These self-generated funds equal about $10 million, falling well short of the $18.4 million needed to operate the parks currently open to the public.
Things looked grim about a year ago, as well, for Arizona State Parks. After a $10 million Legislative sweep of the parks’ Heritage Fund, parks officials faced the probability that they would have to look at closing more than half of Arizona’s 28 state parks.Communities, towns and counties, though, stepped forward, footing at least part of the bill to keep 16 of those parks open through temporary 1 to 3-year lease agreements.
For nine of those parks, third parties contributed enough to keep state park staff employed at the locations. For the others, the government staff has been replaced by employees and volunteers of the contributing parties, Ziemann says.

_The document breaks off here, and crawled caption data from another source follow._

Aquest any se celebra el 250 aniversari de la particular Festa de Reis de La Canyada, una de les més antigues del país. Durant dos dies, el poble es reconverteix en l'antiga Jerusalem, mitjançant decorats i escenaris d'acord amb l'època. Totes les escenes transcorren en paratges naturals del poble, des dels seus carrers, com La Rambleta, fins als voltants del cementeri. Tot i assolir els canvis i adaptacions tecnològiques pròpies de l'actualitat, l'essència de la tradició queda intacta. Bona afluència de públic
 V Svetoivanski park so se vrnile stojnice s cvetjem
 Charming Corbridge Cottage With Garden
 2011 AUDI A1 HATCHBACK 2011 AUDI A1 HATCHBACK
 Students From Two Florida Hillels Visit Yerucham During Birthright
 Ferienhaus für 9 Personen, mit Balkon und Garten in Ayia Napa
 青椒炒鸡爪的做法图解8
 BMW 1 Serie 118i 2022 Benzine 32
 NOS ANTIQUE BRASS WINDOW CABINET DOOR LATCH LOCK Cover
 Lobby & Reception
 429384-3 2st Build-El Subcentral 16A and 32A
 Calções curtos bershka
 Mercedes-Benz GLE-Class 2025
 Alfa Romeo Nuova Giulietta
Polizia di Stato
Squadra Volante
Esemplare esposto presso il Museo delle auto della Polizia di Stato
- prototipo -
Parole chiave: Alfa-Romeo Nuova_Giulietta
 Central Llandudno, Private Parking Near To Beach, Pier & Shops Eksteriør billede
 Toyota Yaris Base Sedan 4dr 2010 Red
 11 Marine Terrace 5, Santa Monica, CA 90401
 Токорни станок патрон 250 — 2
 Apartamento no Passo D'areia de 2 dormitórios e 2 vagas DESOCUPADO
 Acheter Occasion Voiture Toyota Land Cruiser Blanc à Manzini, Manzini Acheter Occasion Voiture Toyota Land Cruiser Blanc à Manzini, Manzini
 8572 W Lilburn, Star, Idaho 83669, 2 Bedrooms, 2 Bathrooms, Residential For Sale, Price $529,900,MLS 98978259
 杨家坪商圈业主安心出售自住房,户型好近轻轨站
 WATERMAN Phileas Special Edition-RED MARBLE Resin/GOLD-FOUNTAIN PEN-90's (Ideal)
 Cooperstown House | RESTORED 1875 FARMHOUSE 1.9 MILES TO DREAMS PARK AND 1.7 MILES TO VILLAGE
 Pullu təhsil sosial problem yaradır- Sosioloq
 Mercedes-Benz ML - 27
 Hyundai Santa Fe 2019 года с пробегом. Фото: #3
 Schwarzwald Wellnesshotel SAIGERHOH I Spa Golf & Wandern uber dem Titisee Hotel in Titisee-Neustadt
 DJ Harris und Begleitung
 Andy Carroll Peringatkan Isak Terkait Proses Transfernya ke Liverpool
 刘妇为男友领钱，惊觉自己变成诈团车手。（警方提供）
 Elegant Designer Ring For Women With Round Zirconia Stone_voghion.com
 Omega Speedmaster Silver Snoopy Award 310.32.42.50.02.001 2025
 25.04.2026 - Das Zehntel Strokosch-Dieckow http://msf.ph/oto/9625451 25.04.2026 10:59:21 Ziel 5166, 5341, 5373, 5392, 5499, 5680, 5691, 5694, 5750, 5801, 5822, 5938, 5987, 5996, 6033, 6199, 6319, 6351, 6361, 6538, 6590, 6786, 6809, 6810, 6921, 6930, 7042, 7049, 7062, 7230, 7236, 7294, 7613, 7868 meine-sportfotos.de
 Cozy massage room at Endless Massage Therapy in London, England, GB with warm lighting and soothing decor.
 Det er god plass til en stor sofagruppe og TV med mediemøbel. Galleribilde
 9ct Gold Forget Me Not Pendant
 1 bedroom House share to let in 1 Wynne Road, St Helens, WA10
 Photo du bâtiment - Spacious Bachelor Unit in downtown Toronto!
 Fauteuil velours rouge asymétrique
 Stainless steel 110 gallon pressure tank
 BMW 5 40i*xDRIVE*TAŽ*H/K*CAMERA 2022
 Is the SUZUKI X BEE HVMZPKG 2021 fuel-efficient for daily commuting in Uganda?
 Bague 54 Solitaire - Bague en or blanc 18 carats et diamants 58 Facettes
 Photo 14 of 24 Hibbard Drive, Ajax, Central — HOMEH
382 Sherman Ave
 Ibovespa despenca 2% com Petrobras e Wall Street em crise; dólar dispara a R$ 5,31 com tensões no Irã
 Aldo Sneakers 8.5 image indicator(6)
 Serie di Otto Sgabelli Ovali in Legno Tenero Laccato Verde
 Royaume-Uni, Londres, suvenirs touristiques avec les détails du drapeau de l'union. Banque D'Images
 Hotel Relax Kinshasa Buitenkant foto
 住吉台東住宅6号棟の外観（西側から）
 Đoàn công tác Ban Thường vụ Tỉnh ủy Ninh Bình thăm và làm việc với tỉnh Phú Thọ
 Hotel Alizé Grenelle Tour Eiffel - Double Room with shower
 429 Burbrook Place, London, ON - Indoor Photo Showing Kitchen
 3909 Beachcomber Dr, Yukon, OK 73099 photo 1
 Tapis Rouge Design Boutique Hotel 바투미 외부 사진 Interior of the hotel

Now, only three state parks—-Lyman Lake State Park, Oracle State Park and San Rafael State Natural Area—-are currently closed to the public without lease agreements in the works. Despite the difficulties raised by the governor’s proposed budget for the upcoming fiscal year, parks officials are still trying to figure out ways to keep those parks open, Ziemann says.
Those efforts include talking to contacts at the State Capitol and trying to attract local communities to the table to negotiate temporary leases, Ziemann says.
Although Ziemann remains optimistic that agreements can be made to keep all the parks open, he concedes that temporary leases do not solve the larger issue of lacking revenue in the Arizona State Parks system.
“Right now, the goal is to get all these parks open to the public,” he says. “But this is not a long-term solution.”
So what is a long-term solution?
“We’re still trying to figure that out.”